Tindal may also have been inspired by the following letter from a Mr. H. Graves to the editor of the London Bicycle Club Gazette (vol. 23, 1900):
Self-defence For Bicyclists.
The other day I was informed by a lady of my acquaintance that, bicycling about sunset along the towing path from Hampton Court to Kingston, she and a friend were much annoyed by a couple of particularly ill-conditioned cads also riding bicycles. They followed the ladies from Hampton Court, and, finding the towing path otherwise empty of traffic, they hung on to their back wheels, and pursued them with a running fire of vulgarities. At last my friends, with their unwelcome escort, overtook another party of bicyclists, whereupon the two cads discreetly put down their heads and scorched off. I told the lady that her proper course in the circumstances was to sit up suddenly with all her power of back-pedalling and braking, whereupon her persecutor would have bumped her back wheel, and almost inevitably come a bad cropper.
To anyone acquainted with bicycle racing it is, of course, axiomatic that the result of a bump is to send the bumper to swift destruction, the person bumped escaping uninjured. My friend, however, was incredulous, and feared lest, like Samson, she should be overwhelmed in the destruction of her enemies. Such a result could only happen if the difference in the velocity of the two bicycles concerned was so great that the violence of the impact sufficed actually to smash the leading machine; for example, if a scorcher ran into a practically stationary bicyclist, the results, though worse for the former, would hardly leave the latter unscathed. But when, as in the case under notice, the speed of the two parties is nearly the same, the effect of the collision is nothing more than mere thrill in the machine of the person bumped, who, of course, immediately resumes pedalling, while the bumper, after two or three wild swerves, usually comes to the ground.

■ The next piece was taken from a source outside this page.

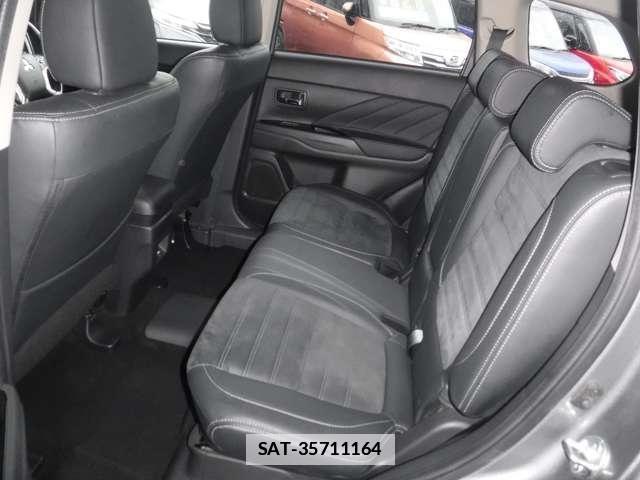 Mitsubishi OUTLANDER PHEV 2016-01 7803260-9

Apart from an elementary fact like this, which I should have imagined was better known, there are many points in bicycling strategy worthy of attention and practice, such, for instance, as how to get past a menacing tramp. The right method is sufficiently simple, though it requires not a little nerve. It consists in riding point blank at the aggressor, and at the last moment throwing the whole weight of the body to the right or left, as the case may be, thus making a rapid tack. Not one man in a hundred will stand up to a bicycle approaching at speed; the instinct to shrink back, especially in a person unprepared for such a manoeuvre, is irresistible, and according as he steps to the right or left, so the bicyclists swerves swiftly in the opposite direction. Another point worthy of consideration is the utilisation of the momentum of the bicycle in disabling an opponent. Most of us have at some time or other ventured a passing stroke at the head of a cap-throwing boy, and been surprised how overpowering to him is the result of a forward blow, and how ludicrously inadequate the effect of a back-hander. To bring into subjection this blind force should be difficult. Of course, the reaction from a hard blow dealt at a sturdy tramp might be disastrous to the bicyclist; but, by swerving and so throwing the balance of the machine well to the side of the person to be demolished, the recoil from the shock might be made to run concurrently with the natural recovery from the inclined position in which the blow was delivered.

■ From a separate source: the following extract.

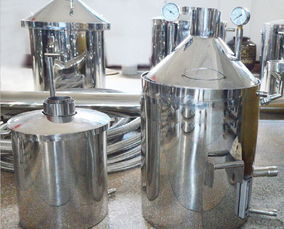 請(qǐng)注意 本圖片來(lái)自成都市火速生物科技研究所提供的農(nóng)村蒸酒,釀酒設(shè)備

Another useful way of dealing with an assailant is to ride at his side, and, throwing your arms round his neck, to leap on to him, leaving the bicycle to take its chance. The odds are that you, with your momentum, will overbear him and fall on him heavily, while the bicycle, relieved of your weight, has a reasonable chance of emerging unharmed. This is a far more desperate plan than the last-mentioned, and one to be employed only upon very narrow roads, but it ought to give a very great advantage to the bicyclist. Adopting either of these plans, you are far safer than if you followed your natural instinct of slipping past on the far side of the road, thus running the gauntlet of your adversary, who, undisturbed, can choose the psychological moment for putting his stick into your spokes. By closing with him you take the initiative, and the choice of moment rests with you; at close quarters, too, his stick is less likely to be effective, to say nothing of the specific advantages which have already been described. There seems, at all events, ample scope for our mathematicians to work out the dynamics of the moving bicyclist.
The editor replied:
Ladies will, no doubt, be very grateful for the hint. It is all so simple. But would it not be rather embarrassing if the odds did not work out properly, and the lady was left hanging round the tramp’s neck, while her bicycle careered on alone?